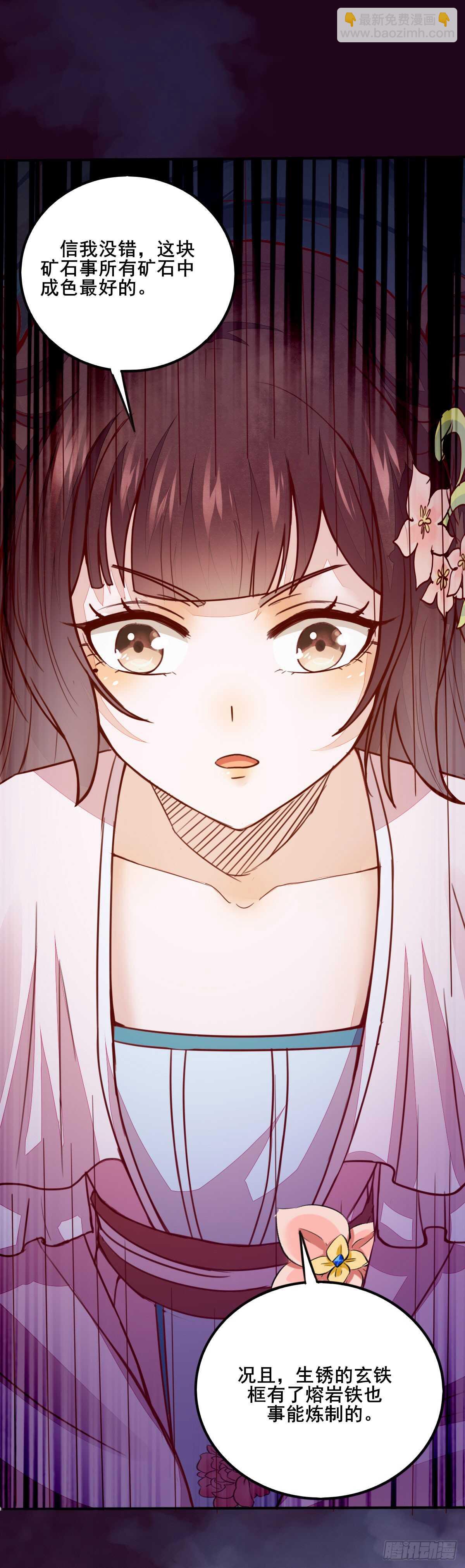 第54话 挑选矿石-第44话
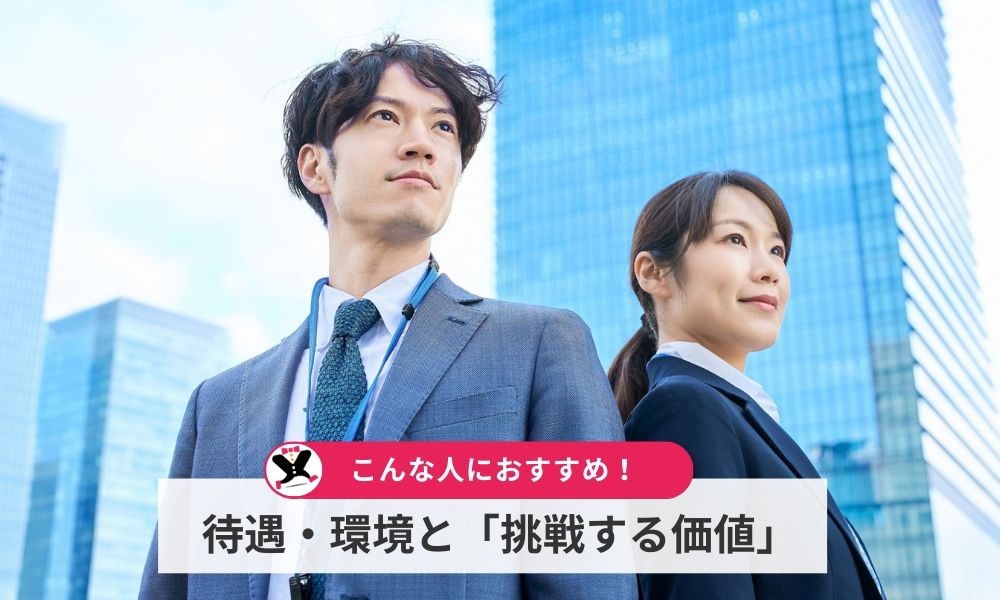 いなば食品の待遇・環境と「挑戦する価値」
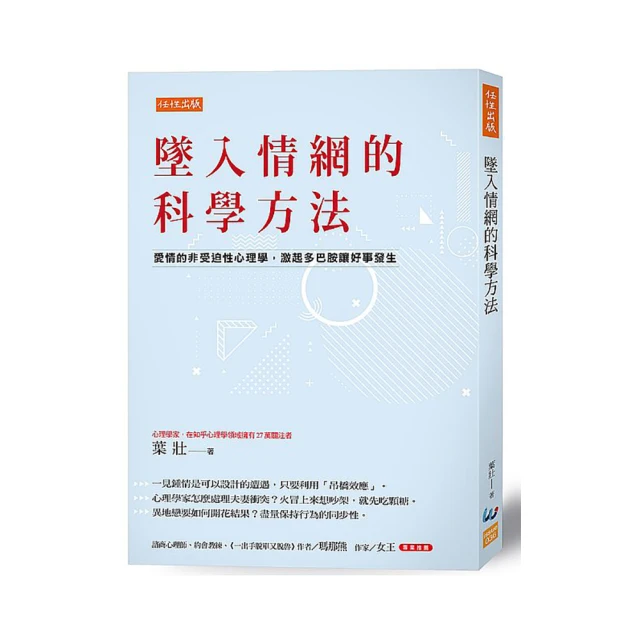 讓好事發生的12堂讚美課！：人生或許屁事不少，好萊塢製作人教你如何快樂自[二手書_良好]5871 TAAZE讀冊生活 歷史價格詳細信息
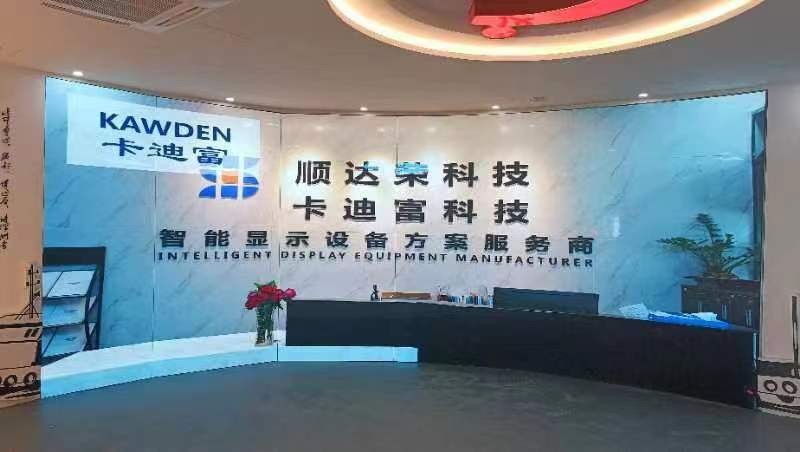 浙江省舟山市P1.53LED显示屏塞拉门LED弧形滑轨屏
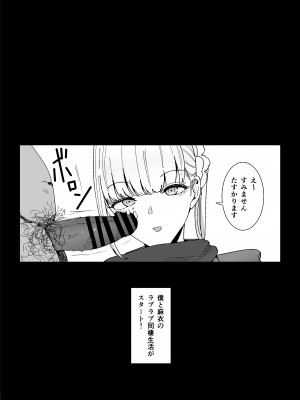 [幻想ポンプ] エッチな風習がある過疎集落のお話 3&nbsp;&nbsp;[DL版]_31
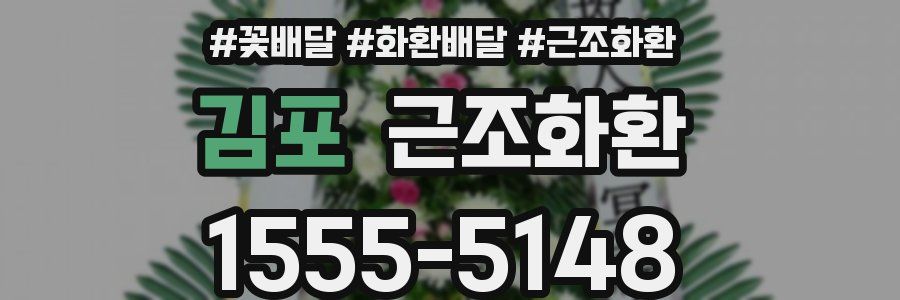 김포 근조화환
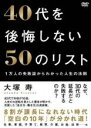 40代を後悔しない50のリスト 主演 大塚寿 中古DVD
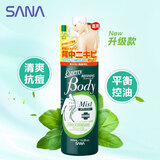 莎娜（SANA）日本进口控油清爽润肤喷雾300ml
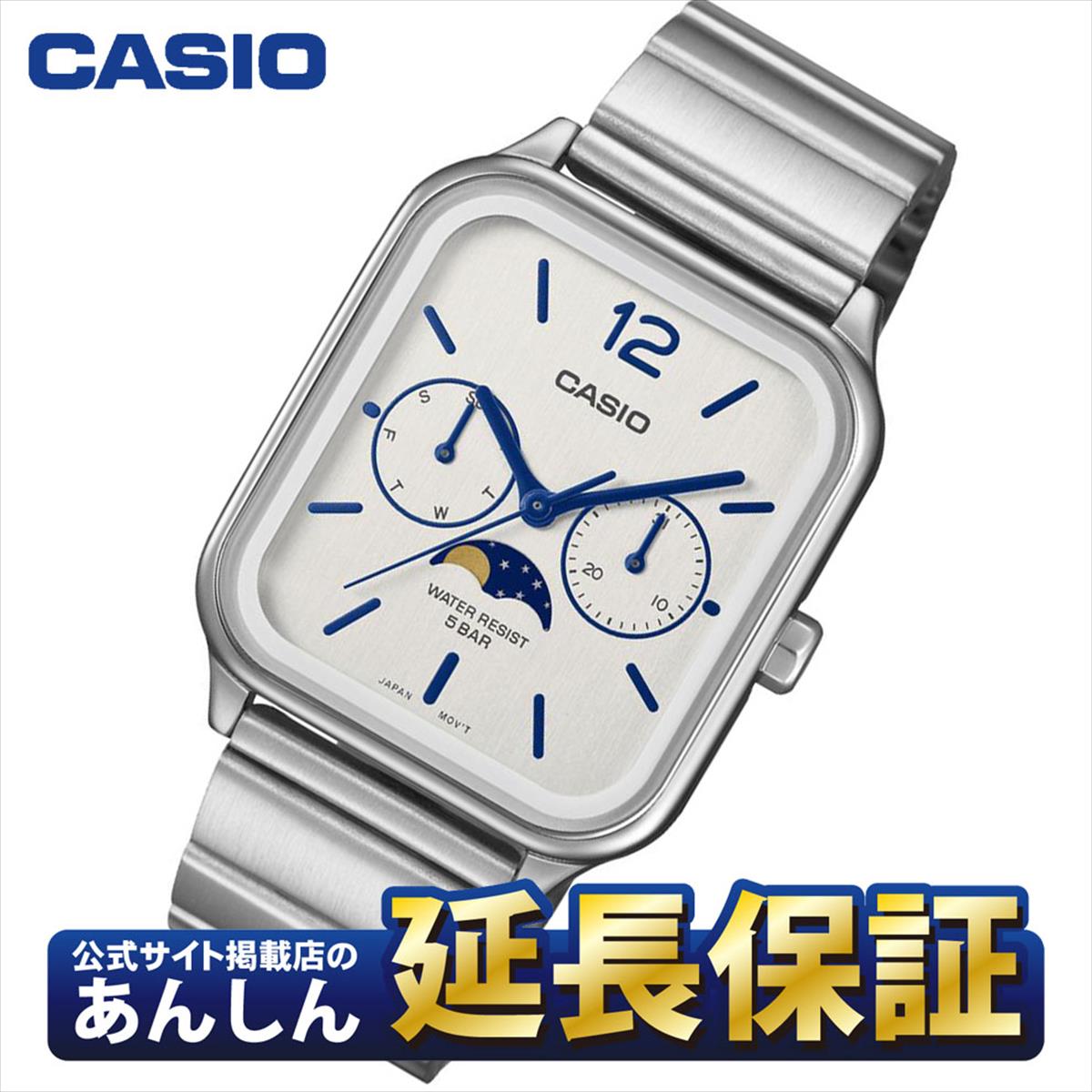 カシオ コレクション MTP-M305D-7AJF 国内正規品 ムーンフェイズ 日付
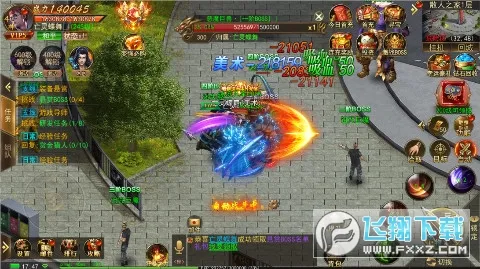 ��ת���������ֻ���v1.0.2 ��׿��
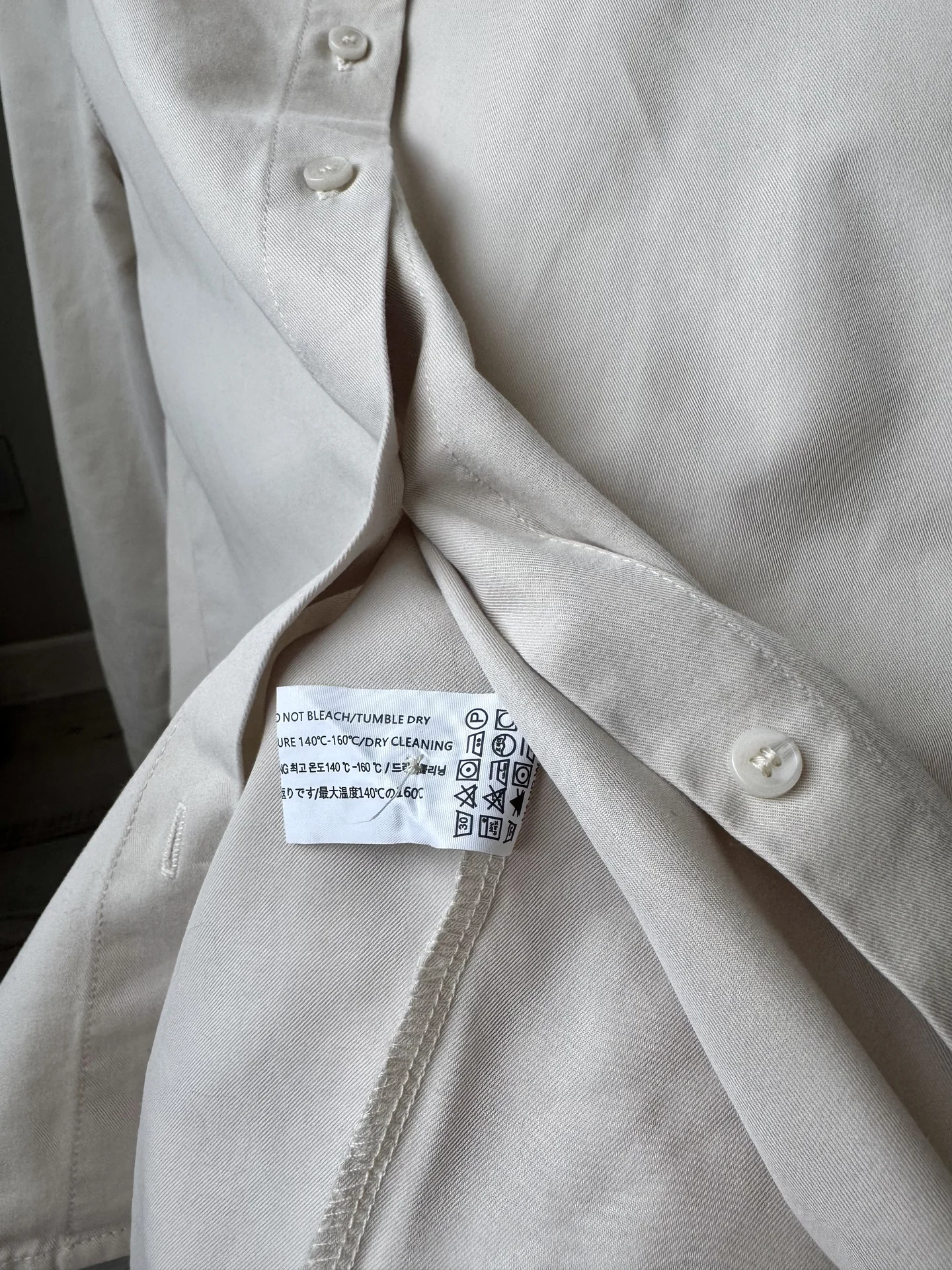 Рубашка oversize S - миниатюра 7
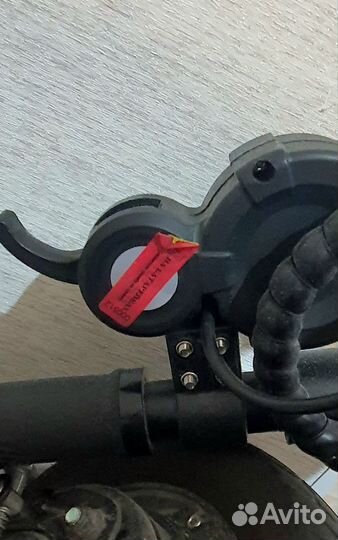 Электросамокат halten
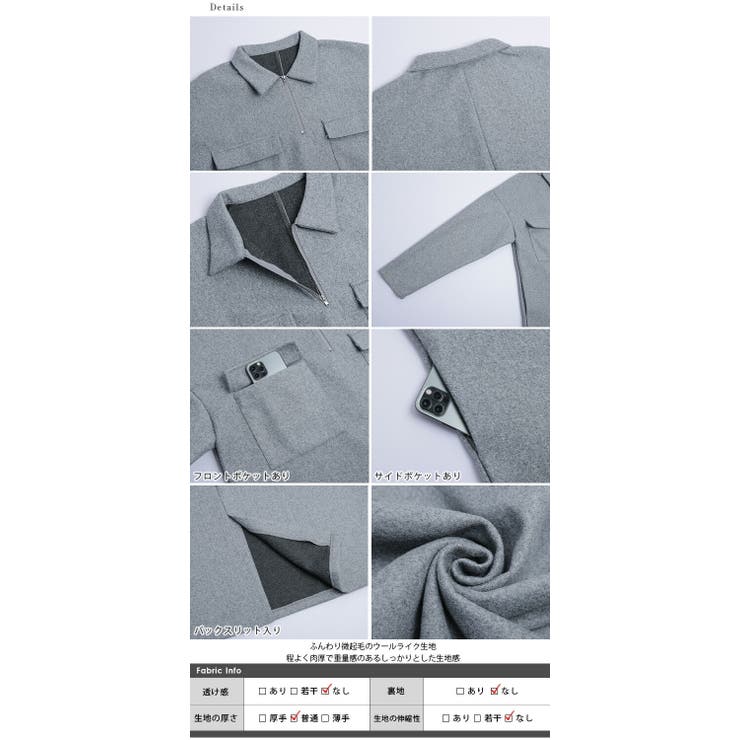 ハーフジップ ワンピース 長袖 | SUGAR BISKET | 詳細画像15 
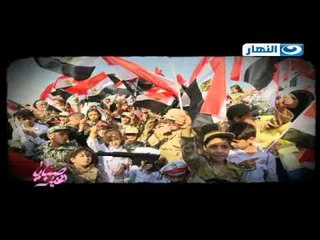 صبايا الخير | شاهد افضل لحظات لمظاهرة في حب مصر مع ريهام سعيد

> [WHAT IS BEING ASKED]:
With pictures excluded, copy exactly the lines from the line containing "Электросамокат halten" through the last line of the listing above, both ends included.

> [RESULT OF THE EXERCISE]:
 Электросамокат halten
 ハーフジップ ワンピース 長袖 | SUGAR BISKET | 詳細画像15 
 صبايا الخير | شاهد افضل لحظات لمظاهرة في حب مصر مع ريهام سعيد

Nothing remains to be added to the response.